Newer Debian versions of python on older Debian distros?

Rustom Mody rustompmody at gmail.com
Tue Sep 9 17:23:02 CEST 2014


On Tuesday, September 9, 2014 2:53:53 PM UTC+5:30, Chris Angelico wrote:
> On Tue, Sep 9, 2014 at 6:09 PM, Rustom Mody  wrote:
> >>  Does anyone have experience with using newer versions of python
> >> debian packages (in particular, python3 and python3-bson-ext from
> >> 'testing') on older stable versions ('wheezy' in this case)? If
> >> someone's figured out how to do this easily, I'd love to hear the
> >> recipe!
> > Wheezy appears to have a python3 (though not the latest)
> > https://packages.debian.org/wheezy/python3

> I think the point of "python3 from testing" is because the python3
> package in Wheezy is 3.2.3. (And if he hadn't explicitly told us he's
> using Wheezy, it could have been Squeeze, which went out of primary
> support just a few months ago, and is still in Long-Term Support for a
> couple of years. Squeeze ships Python 3.1.)

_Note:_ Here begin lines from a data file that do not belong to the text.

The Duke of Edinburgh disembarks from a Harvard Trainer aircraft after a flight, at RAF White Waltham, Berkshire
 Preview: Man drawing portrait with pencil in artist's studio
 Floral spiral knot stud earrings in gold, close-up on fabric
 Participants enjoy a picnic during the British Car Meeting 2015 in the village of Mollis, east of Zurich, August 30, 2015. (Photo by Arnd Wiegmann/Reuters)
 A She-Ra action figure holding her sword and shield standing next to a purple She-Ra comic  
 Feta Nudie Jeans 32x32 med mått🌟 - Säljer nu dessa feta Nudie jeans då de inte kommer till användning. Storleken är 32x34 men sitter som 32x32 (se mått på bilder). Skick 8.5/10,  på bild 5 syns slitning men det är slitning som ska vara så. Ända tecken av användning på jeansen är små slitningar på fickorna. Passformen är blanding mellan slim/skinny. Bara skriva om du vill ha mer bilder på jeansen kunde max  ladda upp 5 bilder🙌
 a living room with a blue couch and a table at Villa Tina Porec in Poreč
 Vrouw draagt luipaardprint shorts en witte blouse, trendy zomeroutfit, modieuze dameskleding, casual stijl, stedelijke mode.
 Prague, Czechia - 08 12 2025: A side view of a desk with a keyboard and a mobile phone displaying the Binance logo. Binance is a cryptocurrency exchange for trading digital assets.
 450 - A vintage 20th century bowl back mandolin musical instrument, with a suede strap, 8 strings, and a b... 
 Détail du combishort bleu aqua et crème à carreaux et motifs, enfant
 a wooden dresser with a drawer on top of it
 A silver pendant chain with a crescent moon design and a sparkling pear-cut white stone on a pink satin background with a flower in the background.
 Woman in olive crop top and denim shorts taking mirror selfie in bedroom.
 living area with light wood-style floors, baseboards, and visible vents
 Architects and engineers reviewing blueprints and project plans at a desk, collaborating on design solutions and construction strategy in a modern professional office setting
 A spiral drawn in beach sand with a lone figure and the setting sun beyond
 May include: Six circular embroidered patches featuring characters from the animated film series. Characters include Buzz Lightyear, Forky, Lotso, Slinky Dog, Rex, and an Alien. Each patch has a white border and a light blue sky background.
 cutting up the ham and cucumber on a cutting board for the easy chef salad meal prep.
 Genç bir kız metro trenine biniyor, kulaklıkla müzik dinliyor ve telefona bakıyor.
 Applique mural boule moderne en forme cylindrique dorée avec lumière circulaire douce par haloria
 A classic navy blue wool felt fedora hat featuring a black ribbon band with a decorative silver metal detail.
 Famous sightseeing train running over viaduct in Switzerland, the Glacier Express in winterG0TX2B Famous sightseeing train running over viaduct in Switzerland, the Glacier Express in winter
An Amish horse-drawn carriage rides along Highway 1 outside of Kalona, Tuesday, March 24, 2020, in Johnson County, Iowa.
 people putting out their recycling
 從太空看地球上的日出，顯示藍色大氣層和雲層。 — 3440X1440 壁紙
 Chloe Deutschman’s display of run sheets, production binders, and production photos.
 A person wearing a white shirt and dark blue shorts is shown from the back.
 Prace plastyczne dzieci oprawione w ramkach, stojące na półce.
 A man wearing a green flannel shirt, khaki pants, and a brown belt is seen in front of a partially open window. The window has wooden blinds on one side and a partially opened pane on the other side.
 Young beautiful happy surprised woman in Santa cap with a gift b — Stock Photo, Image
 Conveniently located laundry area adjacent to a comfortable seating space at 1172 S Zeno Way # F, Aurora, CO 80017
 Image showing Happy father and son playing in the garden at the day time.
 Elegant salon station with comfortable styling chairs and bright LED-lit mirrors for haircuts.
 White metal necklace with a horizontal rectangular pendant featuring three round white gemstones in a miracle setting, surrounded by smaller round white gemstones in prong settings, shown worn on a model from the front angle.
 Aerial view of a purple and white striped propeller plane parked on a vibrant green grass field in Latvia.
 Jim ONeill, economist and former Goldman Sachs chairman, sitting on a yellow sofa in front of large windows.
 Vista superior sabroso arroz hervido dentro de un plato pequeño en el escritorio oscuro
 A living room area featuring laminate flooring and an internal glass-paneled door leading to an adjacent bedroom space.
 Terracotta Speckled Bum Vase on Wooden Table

> All my Wheezy systems have a locally-compiled Python. But then, I've
> been installing quite a few Jessie (testing) systems, for various
> reasons (support for our network scanner being one of them), and the
> one really important Wheezy system here is my personal dev system
> where I worked on the PEP 463 branch, so compiling CPython from source
> was absolutely necessary. :)

> > Chris said:
> >> Alternatively, you could just run Debian Jessie. I have a few Jessie
> >> systems on the network, with a Python 3.4 IIRC, and there've been no
> >> stability problems lately. Both options are pretty easy.
> > I'm not so sure.
> > There's quite a brawl going on right now on debian users over
> > systemd.
> > [I am running testing myself]

> Sadly, yes. I wish these things could be resolved on technical grounds
> rather than political. I'm certain that systemd is superior to
> sysvinit; I'm fairly sure it's superior to Upstart, and others I don't
> have experience with. The technical downsides are few - it's
> Linux-only (or was last I checked - this stuff can change), and it's
> fairly invasive, needing kernel support. Most of the issues are
> political ("how much power will Red Hat have?") and I have no interest
> in arguing those.

> But frankly, that's not really much different from the OpenOffice vs
> Libre Office battles. Most people just don't care. I mean, let's face
> it, there are a lot of people who wouldn't care (and maybe wouldn't
> even notice) if you just go in and rename all the menu items to
> "Microsoft Excel" and "Microsoft Word" and so on, and claim it's a
> port of MS Office! If the average user doesn't care about an
> application that's right in the face, why will s/he care about an init
> system? "This one means the system boots faster." "Fine! Good enough
> for me."

I thought so too viz that the problems were teething troubles.
However the rants on debian-dev seem to be following from extensive breakage
from systemd.

Also there is this thread in which systemd broke the standard
kernel debugging options -- ok bugs happen.
And then the systemd devs refuse to admit to their bug. I find this alarming.